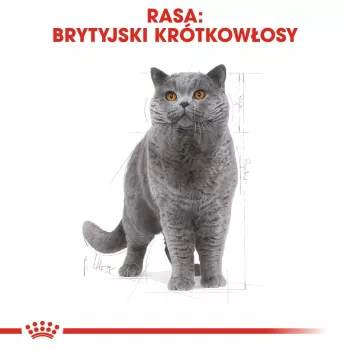 Sausā kaķu barība Royal Canin British Shorthair Adult 2 kg — mājputnu gaļa, 34% olbaltumvielu, 19% tauku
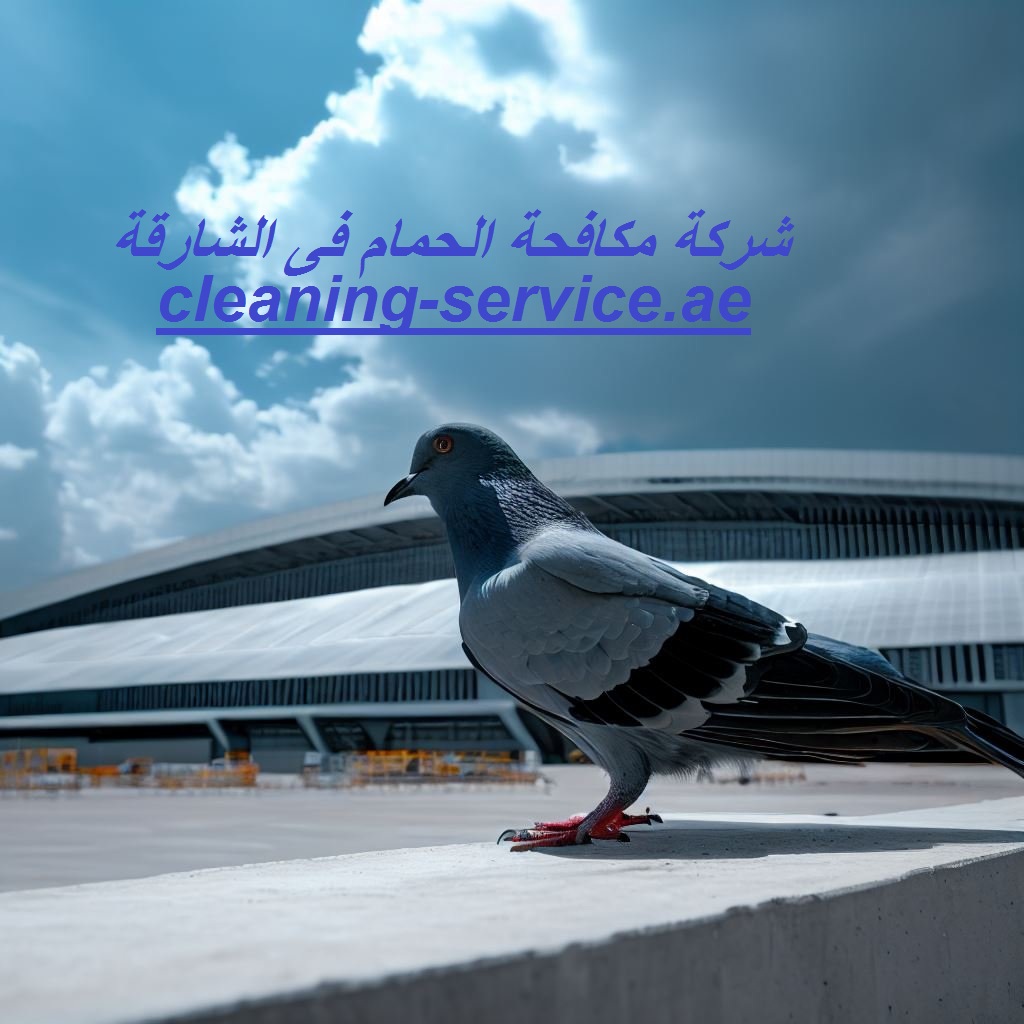 شركة مكافحة الحمام فى الشارقة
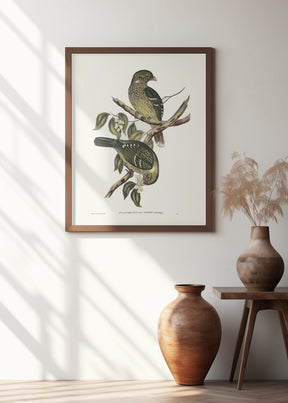 Cat Bird Poster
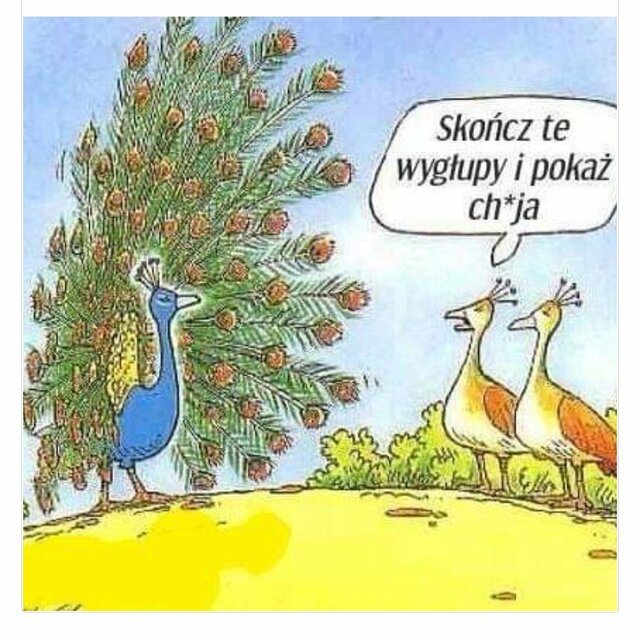 PiotrGda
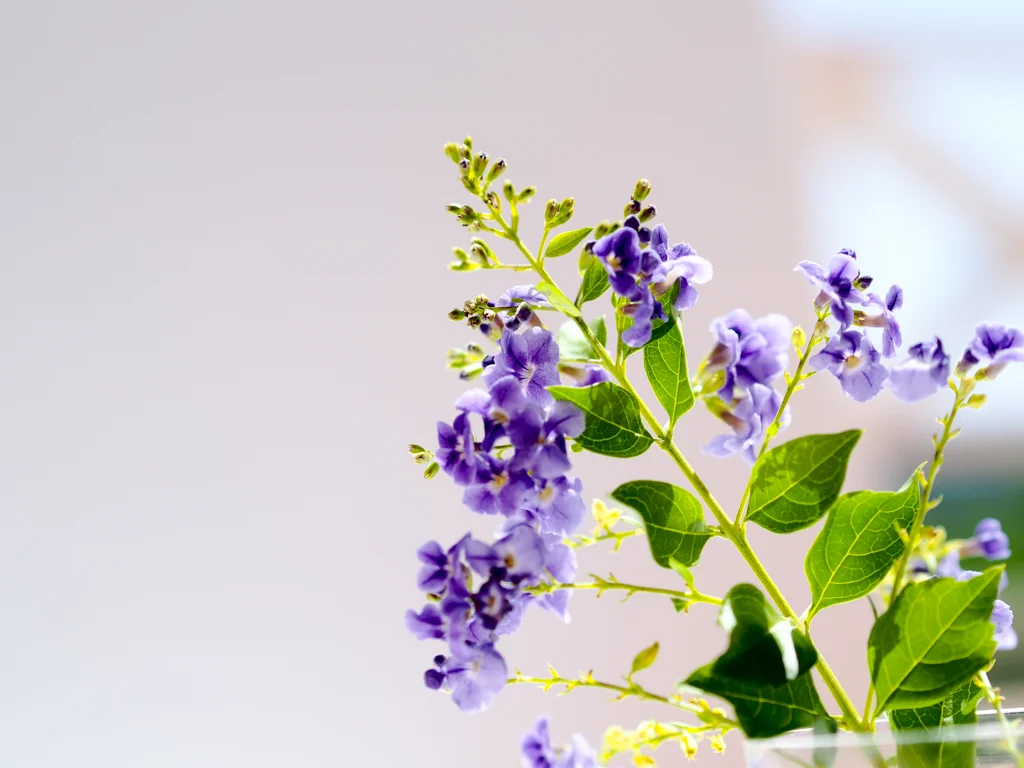 Flower in blue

HOW TO COMPLETE THIS TASK
What is needed is a word-for-word transcription of all the entries, with the pictures dropped.

ANSWER TO THIS EXERCISE
 Sausā kaķu barība Royal Canin British Shorthair Adult 2 kg — mājputnu gaļa, 34% olbaltumvielu, 19% tauku
 شركة مكافحة الحمام فى الشارقة
 Cat Bird Poster
 PiotrGda
 Flower in blue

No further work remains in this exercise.